== AVAILABLE RECORDS ==
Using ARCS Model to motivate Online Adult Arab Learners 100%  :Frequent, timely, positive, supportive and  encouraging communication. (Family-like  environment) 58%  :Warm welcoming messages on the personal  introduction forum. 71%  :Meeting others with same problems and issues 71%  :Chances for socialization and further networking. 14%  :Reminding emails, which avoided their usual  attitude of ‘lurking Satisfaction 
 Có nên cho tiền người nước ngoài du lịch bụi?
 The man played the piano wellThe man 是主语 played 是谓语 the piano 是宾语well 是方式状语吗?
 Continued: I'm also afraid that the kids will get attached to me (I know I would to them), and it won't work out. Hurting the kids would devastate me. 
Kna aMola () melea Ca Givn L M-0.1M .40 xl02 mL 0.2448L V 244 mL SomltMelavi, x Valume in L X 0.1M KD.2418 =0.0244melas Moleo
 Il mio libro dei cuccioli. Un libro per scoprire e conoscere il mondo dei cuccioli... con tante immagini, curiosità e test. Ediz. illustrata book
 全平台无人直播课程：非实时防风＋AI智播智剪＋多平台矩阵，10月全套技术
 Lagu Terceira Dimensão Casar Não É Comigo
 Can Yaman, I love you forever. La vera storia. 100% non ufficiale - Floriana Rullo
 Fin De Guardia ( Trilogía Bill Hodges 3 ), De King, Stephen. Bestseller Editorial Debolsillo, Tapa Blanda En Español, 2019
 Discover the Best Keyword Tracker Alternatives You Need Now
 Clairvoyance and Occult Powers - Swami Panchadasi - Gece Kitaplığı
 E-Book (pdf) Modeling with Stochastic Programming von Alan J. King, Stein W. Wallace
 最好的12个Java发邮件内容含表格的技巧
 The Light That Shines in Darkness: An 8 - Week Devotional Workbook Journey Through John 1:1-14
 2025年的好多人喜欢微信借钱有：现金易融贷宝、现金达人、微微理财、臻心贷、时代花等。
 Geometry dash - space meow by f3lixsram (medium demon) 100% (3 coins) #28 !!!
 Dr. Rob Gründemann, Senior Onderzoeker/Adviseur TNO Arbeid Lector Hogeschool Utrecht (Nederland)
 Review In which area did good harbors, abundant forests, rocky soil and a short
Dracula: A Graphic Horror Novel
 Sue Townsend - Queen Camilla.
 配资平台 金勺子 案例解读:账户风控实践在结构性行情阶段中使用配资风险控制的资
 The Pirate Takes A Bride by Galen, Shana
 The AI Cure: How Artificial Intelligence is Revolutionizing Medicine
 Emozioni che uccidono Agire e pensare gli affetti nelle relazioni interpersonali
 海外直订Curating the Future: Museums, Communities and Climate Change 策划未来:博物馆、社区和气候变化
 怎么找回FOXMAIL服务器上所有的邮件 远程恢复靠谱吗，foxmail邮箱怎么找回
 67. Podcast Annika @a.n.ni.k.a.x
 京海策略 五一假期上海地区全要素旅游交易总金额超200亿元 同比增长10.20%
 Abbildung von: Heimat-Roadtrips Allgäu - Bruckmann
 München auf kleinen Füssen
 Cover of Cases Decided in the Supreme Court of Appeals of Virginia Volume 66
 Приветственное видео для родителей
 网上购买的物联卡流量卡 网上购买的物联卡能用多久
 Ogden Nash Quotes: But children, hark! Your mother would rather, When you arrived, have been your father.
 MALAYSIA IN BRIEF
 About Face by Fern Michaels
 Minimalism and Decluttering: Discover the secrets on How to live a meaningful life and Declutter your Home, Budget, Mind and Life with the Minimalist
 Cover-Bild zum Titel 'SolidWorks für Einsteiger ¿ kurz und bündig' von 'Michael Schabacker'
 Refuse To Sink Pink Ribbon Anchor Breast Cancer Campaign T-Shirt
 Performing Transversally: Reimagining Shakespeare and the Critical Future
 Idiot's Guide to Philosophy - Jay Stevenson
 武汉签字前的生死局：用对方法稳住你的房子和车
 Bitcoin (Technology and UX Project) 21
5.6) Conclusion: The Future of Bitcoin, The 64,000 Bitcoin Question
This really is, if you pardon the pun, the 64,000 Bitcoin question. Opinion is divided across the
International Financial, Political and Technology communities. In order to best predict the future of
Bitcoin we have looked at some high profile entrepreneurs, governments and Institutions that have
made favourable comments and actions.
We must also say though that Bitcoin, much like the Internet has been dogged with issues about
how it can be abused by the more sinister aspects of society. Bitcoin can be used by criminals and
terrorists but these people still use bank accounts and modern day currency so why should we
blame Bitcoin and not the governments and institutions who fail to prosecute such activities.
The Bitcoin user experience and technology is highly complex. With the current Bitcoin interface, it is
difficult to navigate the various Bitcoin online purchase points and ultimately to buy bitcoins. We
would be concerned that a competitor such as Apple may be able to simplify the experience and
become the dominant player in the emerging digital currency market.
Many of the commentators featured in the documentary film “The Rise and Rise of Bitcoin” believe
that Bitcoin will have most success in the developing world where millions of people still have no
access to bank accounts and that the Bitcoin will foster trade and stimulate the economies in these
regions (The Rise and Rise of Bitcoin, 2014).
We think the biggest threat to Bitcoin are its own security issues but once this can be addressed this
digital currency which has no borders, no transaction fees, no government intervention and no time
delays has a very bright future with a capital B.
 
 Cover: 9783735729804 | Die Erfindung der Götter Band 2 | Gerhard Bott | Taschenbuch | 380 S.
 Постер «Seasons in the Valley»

== EXERCISE OBJECTIVE ==
Within the listing above, locate the line containing "5.6) Conclusion: The" and the line containing "terrorists but these". Reproduce those two lines and all lines between them exactly, with nothing added.

== TASK SOLUTION ==
5.6) Conclusion: The Future of Bitcoin, The 64,000 Bitcoin Question
This really is, if you pardon the pun, the 64,000 Bitcoin question. Opinion is divided across the
International Financial, Political and Technology communities. In order to best predict the future of
Bitcoin we have looked at some high profile entrepreneurs, governments and Institutions that have
made favourable comments and actions.
We must also say though that Bitcoin, much like the Internet has been dogged with issues about
how it can be abused by the more sinister aspects of society. Bitcoin can be used by criminals and
terrorists but these people still use bank accounts and modern day currency so why should we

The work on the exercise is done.